What you should do
Lines from the start of the data through the line containing "todo planta baja" must be given again exactly. Leave the others out.

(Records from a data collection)
····················
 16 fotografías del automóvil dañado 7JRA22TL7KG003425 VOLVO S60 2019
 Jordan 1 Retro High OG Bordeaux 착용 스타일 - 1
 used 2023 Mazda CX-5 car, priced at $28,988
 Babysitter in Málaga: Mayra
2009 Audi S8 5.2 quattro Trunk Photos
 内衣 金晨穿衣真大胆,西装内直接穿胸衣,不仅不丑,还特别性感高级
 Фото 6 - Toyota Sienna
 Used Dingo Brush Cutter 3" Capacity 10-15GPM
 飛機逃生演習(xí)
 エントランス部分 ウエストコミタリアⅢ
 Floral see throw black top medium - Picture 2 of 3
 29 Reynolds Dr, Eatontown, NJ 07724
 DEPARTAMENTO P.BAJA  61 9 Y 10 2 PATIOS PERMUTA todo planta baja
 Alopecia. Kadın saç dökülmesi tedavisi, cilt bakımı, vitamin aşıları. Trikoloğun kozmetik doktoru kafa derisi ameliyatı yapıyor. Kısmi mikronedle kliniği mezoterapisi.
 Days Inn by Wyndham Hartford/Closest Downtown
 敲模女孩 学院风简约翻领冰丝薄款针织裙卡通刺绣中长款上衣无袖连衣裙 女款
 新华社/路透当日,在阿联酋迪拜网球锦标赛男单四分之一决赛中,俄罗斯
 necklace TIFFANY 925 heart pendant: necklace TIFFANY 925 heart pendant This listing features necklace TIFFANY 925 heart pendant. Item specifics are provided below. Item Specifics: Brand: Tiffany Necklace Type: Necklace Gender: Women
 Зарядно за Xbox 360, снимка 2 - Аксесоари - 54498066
····················
Answer section
 16 fotografías del automóvil dañado 7JRA22TL7KG003425 VOLVO S60 2019
 Jordan 1 Retro High OG Bordeaux 착용 스타일 - 1
 used 2023 Mazda CX-5 car, priced at $28,988
 Babysitter in Málaga: Mayra
2009 Audi S8 5.2 quattro Trunk Photos
 内衣 金晨穿衣真大胆,西装内直接穿胸衣,不仅不丑,还特别性感高级
 Фото 6 - Toyota Sienna
 Used Dingo Brush Cutter 3" Capacity 10-15GPM
 飛機逃生演習(xí)
 エントランス部分 ウエストコミタリアⅢ
 Floral see throw black top medium - Picture 2 of 3
 29 Reynolds Dr, Eatontown, NJ 07724
 DEPARTAMENTO P.BAJA  61 9 Y 10 2 PATIOS PERMUTA todo planta baja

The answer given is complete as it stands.